Data excerpts:
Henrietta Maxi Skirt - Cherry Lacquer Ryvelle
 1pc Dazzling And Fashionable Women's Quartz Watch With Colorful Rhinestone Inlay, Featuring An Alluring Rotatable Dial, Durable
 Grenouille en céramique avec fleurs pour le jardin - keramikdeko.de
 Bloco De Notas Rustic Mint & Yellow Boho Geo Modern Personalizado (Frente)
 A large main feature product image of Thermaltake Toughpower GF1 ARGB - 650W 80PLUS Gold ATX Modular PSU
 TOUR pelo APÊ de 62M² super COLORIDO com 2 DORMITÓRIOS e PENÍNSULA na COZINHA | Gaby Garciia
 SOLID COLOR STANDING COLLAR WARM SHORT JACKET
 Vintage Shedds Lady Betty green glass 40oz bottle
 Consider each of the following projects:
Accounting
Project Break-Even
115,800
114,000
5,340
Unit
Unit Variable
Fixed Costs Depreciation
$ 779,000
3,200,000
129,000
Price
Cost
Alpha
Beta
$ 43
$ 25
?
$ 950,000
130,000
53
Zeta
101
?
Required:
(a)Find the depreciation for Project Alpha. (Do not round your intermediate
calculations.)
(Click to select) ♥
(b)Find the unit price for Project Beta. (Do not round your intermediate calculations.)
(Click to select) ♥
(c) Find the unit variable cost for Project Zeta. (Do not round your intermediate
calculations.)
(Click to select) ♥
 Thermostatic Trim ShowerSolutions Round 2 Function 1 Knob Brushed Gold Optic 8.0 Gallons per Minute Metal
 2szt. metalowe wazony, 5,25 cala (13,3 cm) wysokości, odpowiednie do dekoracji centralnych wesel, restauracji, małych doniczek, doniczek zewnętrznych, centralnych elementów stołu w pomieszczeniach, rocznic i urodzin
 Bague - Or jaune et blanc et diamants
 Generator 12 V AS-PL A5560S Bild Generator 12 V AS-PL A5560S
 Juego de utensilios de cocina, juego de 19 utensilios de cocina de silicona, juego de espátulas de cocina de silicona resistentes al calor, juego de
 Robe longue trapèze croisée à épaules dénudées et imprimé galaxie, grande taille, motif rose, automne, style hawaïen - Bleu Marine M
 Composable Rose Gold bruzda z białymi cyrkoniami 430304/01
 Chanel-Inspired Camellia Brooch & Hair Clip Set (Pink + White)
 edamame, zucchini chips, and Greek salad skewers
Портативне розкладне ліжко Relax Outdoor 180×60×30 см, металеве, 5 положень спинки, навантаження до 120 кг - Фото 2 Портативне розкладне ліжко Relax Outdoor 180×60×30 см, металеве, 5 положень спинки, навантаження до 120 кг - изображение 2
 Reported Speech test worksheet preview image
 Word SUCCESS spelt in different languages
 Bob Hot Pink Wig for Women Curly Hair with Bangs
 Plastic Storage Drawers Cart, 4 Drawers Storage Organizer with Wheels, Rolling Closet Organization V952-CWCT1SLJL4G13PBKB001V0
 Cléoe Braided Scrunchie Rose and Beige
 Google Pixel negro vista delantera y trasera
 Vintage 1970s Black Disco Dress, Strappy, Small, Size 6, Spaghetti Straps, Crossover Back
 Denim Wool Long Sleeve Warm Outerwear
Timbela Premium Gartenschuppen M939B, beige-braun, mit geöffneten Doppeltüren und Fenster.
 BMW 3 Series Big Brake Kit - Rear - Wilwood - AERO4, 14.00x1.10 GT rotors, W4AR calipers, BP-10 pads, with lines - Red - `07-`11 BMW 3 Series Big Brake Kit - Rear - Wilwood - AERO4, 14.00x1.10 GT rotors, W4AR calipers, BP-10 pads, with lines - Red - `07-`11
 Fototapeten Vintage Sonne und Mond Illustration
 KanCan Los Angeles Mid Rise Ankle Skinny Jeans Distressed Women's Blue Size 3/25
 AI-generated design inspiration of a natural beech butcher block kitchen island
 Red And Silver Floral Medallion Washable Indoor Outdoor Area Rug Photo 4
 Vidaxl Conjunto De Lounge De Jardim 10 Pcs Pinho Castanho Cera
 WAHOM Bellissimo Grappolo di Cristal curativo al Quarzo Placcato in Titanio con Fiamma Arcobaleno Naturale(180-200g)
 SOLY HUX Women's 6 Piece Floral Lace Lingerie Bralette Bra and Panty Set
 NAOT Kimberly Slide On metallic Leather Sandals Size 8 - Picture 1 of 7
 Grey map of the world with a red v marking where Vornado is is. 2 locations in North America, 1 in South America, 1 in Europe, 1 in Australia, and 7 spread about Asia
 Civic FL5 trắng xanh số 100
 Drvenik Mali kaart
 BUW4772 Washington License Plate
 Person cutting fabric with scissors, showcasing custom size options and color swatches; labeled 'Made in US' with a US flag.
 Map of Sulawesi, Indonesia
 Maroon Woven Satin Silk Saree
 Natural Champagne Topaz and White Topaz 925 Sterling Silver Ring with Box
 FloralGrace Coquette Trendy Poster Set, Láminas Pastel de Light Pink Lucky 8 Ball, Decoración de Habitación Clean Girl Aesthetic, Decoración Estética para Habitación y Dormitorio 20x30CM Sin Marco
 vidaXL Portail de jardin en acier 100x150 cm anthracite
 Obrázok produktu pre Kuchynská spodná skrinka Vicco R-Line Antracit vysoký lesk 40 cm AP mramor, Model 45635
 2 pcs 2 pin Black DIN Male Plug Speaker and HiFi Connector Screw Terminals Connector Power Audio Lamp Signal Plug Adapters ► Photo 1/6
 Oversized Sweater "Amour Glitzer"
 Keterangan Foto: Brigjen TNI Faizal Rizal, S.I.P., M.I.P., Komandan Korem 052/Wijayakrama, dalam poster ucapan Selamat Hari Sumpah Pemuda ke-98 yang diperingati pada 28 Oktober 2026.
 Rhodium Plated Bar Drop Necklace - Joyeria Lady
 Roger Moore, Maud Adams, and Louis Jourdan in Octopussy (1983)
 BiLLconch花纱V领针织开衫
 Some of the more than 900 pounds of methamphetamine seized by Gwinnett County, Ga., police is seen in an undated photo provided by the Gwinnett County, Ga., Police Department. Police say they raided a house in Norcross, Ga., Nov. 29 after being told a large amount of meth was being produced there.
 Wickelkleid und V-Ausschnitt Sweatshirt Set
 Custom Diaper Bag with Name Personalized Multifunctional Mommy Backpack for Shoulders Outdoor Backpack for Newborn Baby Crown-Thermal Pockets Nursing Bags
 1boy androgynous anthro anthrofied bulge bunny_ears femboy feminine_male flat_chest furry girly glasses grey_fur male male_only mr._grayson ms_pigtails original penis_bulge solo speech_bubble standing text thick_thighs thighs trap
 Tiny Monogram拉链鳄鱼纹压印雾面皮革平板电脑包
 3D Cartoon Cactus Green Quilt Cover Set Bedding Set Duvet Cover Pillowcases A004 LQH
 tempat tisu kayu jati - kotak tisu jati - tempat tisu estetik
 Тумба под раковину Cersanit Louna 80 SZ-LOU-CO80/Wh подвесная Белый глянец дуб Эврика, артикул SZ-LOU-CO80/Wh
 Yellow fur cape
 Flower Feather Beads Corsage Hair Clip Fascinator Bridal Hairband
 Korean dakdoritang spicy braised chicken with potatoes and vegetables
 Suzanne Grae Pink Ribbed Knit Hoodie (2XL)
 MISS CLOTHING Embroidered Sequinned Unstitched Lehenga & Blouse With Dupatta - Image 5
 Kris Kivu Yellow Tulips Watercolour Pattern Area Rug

** To do **
Print, please, the lines above from the very first through the one that holds "Vintage Shedds Lady", both included, word for word and with nothing else.

** Written answer **
Henrietta Maxi Skirt - Cherry Lacquer Ryvelle
 1pc Dazzling And Fashionable Women's Quartz Watch With Colorful Rhinestone Inlay, Featuring An Alluring Rotatable Dial, Durable
 Grenouille en céramique avec fleurs pour le jardin - keramikdeko.de
 Bloco De Notas Rustic Mint & Yellow Boho Geo Modern Personalizado (Frente)
 A large main feature product image of Thermaltake Toughpower GF1 ARGB - 650W 80PLUS Gold ATX Modular PSU
 TOUR pelo APÊ de 62M² super COLORIDO com 2 DORMITÓRIOS e PENÍNSULA na COZINHA | Gaby Garciia
 SOLID COLOR STANDING COLLAR WARM SHORT JACKET
 Vintage Shedds Lady Betty green glass 40oz bottle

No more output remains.